Normalement, selon Allô Police, le procès aurait dû se dérouler à Ville-Marie, dans le comté de Témiscamingue, mais puisque l’accusé parlait beaucoup mieux anglais que français la défense a obtenu un changement de venue à Hull, où il serait plus aisé de trouver des jurés anglophones. Le procès a donc eu lieu du 12 au 14 novembre 1959 devant le juge Paul Miquelon, qui en était à sa première cause de meurtre en tant que juge. La défense de Côté était assurée par Me Jérôme Somers de Hull, commis d’office. Celui-ci a tenté de plaider le fait que les trois coups avaient été tirés accidentellement, mais sans succès.
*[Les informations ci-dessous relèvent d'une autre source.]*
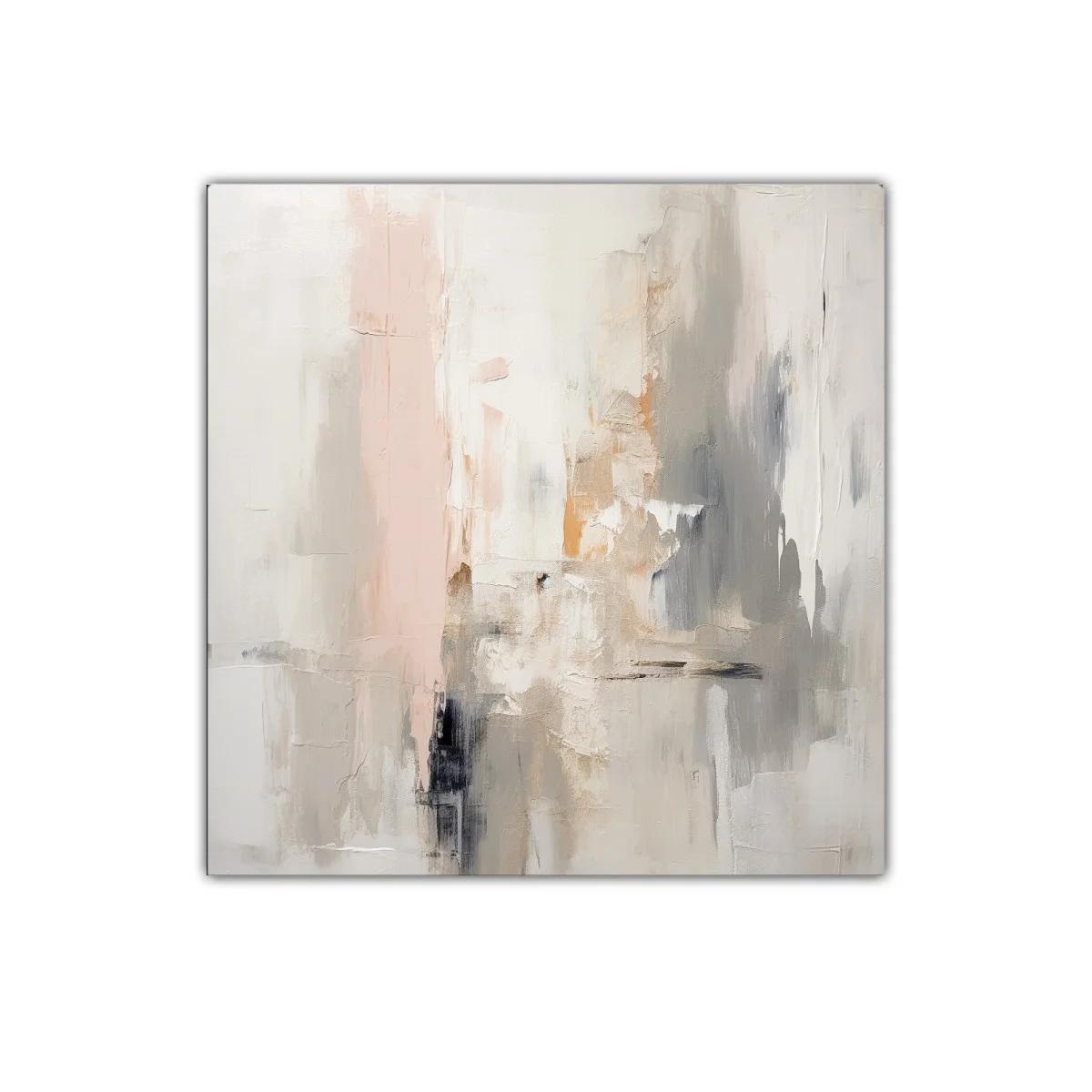 Cuadro abstracto en tonos neutros y suaves para decoración elegante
Pour sa part, la Couronne était représentée par Me Roger Vincent, épaulé par Me Lionel Mougeot.
Le principal témoin était évidemment le caissier Jacques Tremblay, mais on a aussi entendu 17 autres personnes. Après que le jury ait rendu son verdict de culpabilité, après 15 minutes de délibérations, Côté s’est tourné vers eux pour leur dire : « vous avez bien agi et je ne voudrais pas que vous soyez empêchés de dormir ce soir. Je n’ai aucune animosité contre vous, et vous n’avez pas à vous sentir coupables. Vous n’avez fait que votre devoir. » Puis, après avoir regardé son avocat, le juge et les policiers, il a ajouté : « je pense la même chose de vous. Vous avez tous fait votre devoir, et je vous remercie. »
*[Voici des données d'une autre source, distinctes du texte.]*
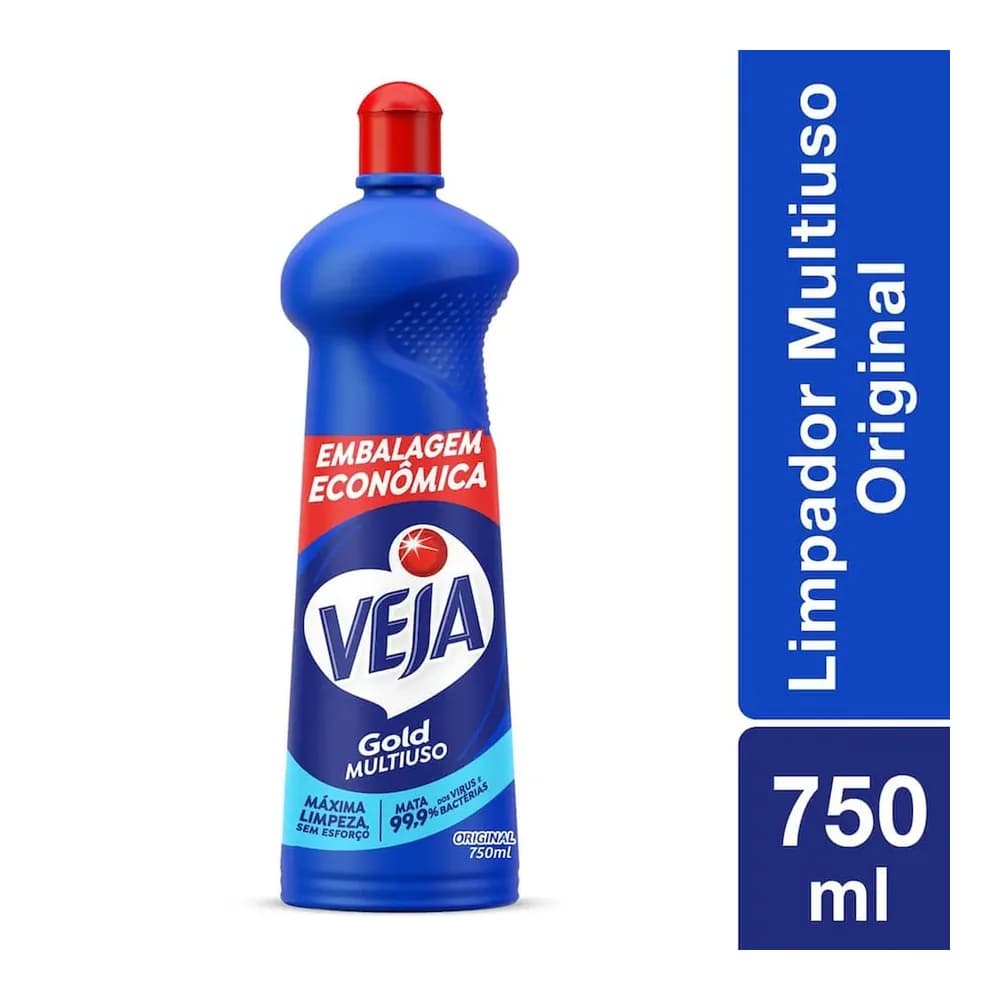 Limpador multiuso veja gold original 750ml embalagem economica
Après avoir enfilé ses gants noirs, le juge Miquelon a répliqué : « vous avez raison, Côté, je n’ai agi que selon mon serment.  Je suis convaincu que vous n’aviez pas l’intention de tuer en allant perpétrer un hold-up dans cette banque, mais la loi est formelle, et elle nous contraint à appeler meurtre le crime que vous avez commis. D’ailleurs, cet assassinat devait vous arriver après la vie que vous avez menée, remplie de vols avec effraction, avec violence, et à main armée. Il est trop tard maintenant pour comprendre que le crime ne paie pas. Mais votre exemple servira peut-être aux autres. »
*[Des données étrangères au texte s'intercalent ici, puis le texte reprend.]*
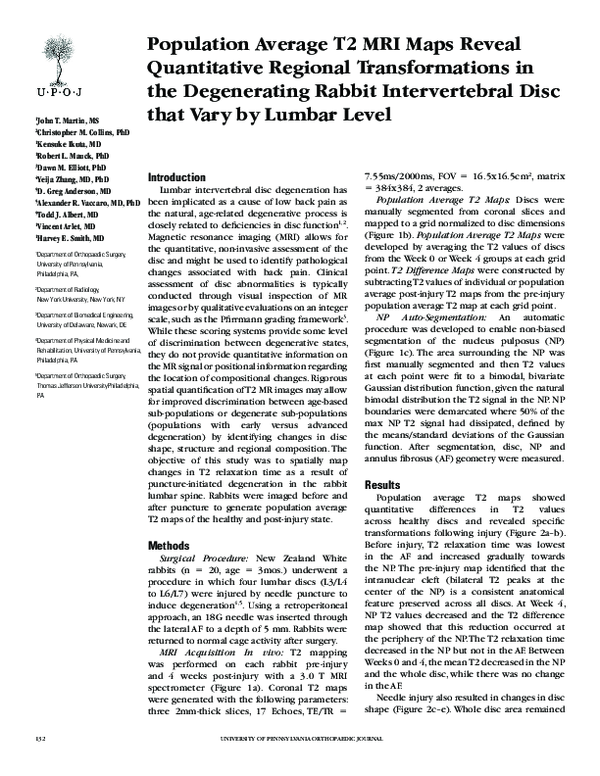 (PDF) Population average T2 MRI maps reveal quantitative regional ...
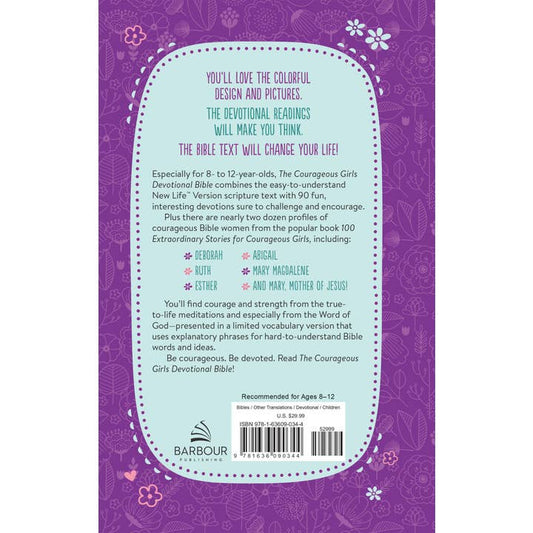 The Courageous Girls Devotional Bible : New Life Version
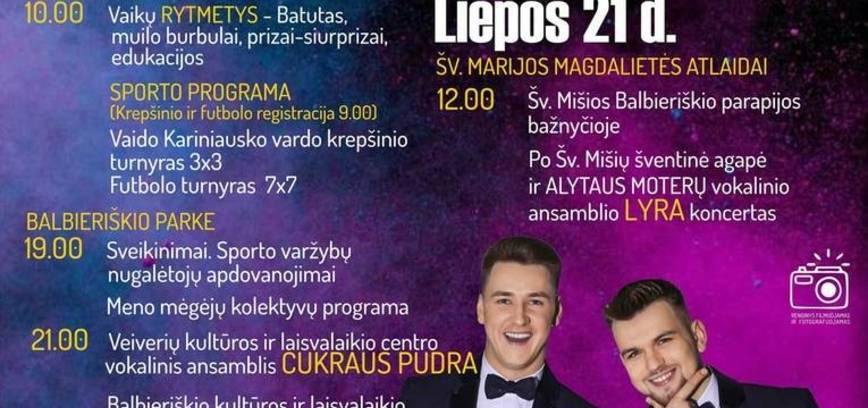 Balbieriškio krašto vasaros šventė „Prie Ringio ir Peršėkės“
Allô Police a expliqué en ces termes pourquoi Côté se méritait tout de même la peine de mort : « comme l’a signalé le président du tribunal au procès, il est évident que Côté n’allait pas là dans l’intention de tuer. Mais, dans sa nervosité, et par un concours de circonstances spéciales, il l’a fait. Or, le code pénal prévoit le cas. À l’article 202, il spécifie que si une mort violente survient au cours d’un hold-up, il s’agit automatiquement d’un meurtre, même si l’intention de tuer est inexistante. Il dit, en somme, que si quelqu’un s’arme d’un revolver chargé pour obtenir de l’argent, il prend tous les risques que cela comporte. »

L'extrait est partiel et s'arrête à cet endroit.